::: Dataset extract :::
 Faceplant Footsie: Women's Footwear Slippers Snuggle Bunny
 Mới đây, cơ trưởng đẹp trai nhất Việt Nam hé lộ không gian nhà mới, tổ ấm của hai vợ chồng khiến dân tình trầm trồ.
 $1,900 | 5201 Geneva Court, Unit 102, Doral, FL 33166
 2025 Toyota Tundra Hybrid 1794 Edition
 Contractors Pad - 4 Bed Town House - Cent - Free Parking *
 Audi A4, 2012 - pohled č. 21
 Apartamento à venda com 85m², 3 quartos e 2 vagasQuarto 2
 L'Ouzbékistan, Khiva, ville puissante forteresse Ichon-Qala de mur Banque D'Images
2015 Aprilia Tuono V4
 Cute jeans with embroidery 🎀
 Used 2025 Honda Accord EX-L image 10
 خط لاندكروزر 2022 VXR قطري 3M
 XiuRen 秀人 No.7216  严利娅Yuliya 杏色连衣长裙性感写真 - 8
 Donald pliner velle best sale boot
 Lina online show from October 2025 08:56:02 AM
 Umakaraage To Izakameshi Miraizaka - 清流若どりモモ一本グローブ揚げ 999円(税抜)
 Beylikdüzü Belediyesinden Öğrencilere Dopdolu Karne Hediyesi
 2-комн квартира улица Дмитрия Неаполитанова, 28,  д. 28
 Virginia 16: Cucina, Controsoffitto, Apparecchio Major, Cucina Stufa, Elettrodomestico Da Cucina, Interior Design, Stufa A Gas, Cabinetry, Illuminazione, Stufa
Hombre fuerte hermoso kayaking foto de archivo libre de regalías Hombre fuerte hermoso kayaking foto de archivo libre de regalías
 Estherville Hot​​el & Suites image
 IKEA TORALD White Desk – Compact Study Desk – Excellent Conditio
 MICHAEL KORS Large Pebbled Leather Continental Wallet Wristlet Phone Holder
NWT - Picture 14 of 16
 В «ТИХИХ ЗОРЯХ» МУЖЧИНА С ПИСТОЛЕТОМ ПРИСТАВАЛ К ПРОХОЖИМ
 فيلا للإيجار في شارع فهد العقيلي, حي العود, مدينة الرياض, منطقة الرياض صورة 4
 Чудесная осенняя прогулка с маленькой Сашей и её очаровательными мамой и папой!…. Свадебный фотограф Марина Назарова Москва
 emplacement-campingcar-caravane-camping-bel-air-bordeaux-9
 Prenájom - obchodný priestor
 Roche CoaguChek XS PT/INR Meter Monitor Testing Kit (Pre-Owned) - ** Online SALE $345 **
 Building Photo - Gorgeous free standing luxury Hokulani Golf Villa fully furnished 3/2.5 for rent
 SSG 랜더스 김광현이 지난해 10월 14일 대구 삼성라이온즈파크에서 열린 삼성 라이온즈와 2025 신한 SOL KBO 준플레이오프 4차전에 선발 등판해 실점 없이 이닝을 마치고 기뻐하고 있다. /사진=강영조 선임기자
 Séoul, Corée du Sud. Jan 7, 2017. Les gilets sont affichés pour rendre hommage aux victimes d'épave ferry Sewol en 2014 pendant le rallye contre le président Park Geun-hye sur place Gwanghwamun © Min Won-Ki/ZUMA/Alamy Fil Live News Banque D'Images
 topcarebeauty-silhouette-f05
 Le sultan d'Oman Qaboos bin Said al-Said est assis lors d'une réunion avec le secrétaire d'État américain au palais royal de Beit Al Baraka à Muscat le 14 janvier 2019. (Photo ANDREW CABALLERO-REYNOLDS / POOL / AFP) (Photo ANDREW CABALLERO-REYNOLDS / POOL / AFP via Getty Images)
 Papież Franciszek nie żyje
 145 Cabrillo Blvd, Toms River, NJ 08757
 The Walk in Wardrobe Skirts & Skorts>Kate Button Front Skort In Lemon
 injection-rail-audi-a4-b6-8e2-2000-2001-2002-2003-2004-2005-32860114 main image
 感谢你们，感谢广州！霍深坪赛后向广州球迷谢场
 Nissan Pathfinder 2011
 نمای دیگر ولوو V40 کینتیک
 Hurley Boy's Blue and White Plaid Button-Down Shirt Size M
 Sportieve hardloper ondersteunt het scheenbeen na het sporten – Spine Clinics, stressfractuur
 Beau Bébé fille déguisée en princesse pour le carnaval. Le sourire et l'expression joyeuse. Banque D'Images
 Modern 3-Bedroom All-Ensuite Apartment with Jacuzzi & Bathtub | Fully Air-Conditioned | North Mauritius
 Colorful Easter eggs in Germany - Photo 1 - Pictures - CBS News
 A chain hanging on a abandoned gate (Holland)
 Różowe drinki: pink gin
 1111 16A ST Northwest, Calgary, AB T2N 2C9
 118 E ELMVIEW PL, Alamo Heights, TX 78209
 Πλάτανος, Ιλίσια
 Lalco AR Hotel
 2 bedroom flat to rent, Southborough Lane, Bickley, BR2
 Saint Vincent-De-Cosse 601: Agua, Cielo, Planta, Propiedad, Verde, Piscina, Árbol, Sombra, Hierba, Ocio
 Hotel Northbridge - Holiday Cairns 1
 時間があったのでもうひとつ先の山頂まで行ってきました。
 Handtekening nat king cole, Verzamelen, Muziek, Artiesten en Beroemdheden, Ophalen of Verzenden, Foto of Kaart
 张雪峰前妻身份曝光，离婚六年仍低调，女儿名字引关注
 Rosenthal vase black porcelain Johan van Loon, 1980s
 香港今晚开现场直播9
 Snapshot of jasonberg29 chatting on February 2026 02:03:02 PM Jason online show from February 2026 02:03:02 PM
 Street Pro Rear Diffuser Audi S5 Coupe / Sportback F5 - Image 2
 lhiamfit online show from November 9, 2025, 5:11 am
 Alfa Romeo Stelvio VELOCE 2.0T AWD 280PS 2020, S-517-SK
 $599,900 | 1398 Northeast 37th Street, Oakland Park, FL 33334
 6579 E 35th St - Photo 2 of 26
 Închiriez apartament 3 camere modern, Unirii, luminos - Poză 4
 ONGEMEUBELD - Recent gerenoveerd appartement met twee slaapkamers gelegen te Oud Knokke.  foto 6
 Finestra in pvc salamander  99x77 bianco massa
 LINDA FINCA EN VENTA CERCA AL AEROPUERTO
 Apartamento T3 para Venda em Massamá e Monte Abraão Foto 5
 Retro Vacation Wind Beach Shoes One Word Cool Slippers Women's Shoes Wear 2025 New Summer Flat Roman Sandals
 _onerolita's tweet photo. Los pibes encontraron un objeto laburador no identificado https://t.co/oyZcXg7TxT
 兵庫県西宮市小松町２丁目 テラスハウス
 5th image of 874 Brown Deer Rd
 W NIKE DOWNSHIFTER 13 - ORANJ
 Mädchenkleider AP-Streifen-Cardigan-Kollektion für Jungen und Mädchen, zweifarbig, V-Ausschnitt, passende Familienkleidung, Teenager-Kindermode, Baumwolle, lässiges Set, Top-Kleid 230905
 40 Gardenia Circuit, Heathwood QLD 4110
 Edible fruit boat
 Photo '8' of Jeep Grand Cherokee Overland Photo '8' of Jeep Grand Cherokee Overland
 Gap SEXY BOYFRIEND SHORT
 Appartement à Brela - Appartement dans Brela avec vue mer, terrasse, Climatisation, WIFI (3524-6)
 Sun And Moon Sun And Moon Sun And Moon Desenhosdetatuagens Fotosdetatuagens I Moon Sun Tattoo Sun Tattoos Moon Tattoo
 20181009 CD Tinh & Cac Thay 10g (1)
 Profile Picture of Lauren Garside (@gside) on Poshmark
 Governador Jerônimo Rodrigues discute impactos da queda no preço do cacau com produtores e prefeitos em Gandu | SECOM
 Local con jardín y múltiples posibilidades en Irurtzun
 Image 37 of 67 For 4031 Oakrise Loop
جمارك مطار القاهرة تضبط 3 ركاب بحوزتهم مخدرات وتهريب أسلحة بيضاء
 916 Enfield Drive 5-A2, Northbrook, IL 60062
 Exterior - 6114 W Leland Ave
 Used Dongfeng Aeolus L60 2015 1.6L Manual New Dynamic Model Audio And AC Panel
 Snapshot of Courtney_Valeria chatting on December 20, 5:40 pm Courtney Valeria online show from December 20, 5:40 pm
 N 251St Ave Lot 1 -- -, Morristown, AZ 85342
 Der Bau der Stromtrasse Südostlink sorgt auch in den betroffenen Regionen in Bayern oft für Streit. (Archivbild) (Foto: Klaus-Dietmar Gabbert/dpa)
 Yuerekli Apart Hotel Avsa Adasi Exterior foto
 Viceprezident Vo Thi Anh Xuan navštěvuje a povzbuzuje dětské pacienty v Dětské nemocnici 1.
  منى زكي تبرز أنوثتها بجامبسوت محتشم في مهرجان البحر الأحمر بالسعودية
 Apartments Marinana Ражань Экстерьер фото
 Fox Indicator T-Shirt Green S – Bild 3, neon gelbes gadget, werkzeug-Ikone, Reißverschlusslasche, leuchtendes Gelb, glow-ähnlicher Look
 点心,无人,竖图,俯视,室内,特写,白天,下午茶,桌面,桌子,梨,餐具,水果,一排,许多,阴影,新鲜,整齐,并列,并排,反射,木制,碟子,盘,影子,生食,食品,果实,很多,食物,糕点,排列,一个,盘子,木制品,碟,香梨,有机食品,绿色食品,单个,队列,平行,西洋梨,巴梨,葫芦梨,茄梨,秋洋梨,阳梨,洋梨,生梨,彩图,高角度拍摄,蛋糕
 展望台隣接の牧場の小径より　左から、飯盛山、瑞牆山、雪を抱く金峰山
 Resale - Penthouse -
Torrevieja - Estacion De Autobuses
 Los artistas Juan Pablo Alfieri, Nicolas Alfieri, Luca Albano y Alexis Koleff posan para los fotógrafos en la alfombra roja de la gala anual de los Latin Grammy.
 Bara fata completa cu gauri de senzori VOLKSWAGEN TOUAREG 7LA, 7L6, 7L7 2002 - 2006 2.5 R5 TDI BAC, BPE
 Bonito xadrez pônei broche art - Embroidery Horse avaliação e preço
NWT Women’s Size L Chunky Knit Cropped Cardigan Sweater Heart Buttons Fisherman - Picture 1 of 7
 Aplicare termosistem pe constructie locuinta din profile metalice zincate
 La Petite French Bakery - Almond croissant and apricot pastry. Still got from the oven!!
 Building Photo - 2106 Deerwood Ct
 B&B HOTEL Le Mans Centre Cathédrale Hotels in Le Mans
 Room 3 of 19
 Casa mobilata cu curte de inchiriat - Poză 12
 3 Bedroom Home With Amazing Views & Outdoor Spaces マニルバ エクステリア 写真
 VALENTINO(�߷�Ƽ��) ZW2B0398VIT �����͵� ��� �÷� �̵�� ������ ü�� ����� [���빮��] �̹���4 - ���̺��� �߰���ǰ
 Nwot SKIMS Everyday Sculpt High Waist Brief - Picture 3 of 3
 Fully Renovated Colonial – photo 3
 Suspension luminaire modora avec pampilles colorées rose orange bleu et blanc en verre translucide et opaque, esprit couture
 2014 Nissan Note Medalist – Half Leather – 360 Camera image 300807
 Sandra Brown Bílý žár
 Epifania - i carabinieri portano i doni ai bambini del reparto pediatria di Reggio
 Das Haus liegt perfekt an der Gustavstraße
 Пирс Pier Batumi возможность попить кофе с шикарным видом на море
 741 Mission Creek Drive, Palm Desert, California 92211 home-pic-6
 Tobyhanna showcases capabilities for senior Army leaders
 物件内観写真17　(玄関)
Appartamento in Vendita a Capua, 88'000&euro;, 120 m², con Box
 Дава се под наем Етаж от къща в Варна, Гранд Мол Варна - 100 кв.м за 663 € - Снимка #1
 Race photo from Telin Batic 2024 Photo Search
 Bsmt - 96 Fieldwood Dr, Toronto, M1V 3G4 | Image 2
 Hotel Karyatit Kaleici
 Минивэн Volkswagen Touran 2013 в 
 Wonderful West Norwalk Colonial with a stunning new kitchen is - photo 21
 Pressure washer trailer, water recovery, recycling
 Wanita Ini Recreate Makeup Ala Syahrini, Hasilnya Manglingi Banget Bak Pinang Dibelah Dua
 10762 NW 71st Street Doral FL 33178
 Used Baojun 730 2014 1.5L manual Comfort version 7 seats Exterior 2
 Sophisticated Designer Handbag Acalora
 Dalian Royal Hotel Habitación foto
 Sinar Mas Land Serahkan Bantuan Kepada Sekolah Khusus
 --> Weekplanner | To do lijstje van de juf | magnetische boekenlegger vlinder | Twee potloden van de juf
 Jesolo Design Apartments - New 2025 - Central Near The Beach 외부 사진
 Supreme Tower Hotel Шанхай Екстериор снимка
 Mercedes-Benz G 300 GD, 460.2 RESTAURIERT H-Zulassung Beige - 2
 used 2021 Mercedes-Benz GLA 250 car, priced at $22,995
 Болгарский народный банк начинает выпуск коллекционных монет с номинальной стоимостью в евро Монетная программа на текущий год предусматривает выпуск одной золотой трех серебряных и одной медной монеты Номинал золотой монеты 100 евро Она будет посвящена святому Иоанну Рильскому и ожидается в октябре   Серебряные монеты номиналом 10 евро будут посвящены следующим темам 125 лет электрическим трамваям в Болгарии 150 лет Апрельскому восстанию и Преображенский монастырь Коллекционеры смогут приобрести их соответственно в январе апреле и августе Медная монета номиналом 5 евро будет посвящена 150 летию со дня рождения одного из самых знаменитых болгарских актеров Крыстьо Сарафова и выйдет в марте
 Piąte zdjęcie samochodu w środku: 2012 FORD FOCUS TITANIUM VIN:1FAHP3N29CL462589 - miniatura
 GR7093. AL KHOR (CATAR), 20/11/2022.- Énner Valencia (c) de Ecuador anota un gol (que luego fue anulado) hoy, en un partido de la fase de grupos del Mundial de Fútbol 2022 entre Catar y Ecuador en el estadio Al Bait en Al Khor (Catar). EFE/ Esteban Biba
:::
• Your objective:
All lines above from the one containing "B&B HOTEL Le" to the one containing "Appartamento in Vendita" must be repeated exactly, both lines included, and no others.

• Reply to the exercise:
 B&B HOTEL Le Mans Centre Cathédrale Hotels in Le Mans
 Room 3 of 19
 Casa mobilata cu curte de inchiriat - Poză 12
 3 Bedroom Home With Amazing Views & Outdoor Spaces マニルバ エクステリア 写真
 VALENTINO(�߷�Ƽ��) ZW2B0398VIT �����͵� ��� �÷� �̵�� ������ ü�� ����� [���빮��] �̹���4 - ���̺��� �߰���ǰ
 Nwot SKIMS Everyday Sculpt High Waist Brief - Picture 3 of 3
 Fully Renovated Colonial – photo 3
 Suspension luminaire modora avec pampilles colorées rose orange bleu et blanc en verre translucide et opaque, esprit couture
 2014 Nissan Note Medalist – Half Leather – 360 Camera image 300807
 Sandra Brown Bílý žár
 Epifania - i carabinieri portano i doni ai bambini del reparto pediatria di Reggio
 Das Haus liegt perfekt an der Gustavstraße
 Пирс Pier Batumi возможность попить кофе с шикарным видом на море
 741 Mission Creek Drive, Palm Desert, California 92211 home-pic-6
 Tobyhanna showcases capabilities for senior Army leaders
 物件内観写真17　(玄関)
Appartamento in Vendita a Capua, 88'000&euro;, 120 m², con Box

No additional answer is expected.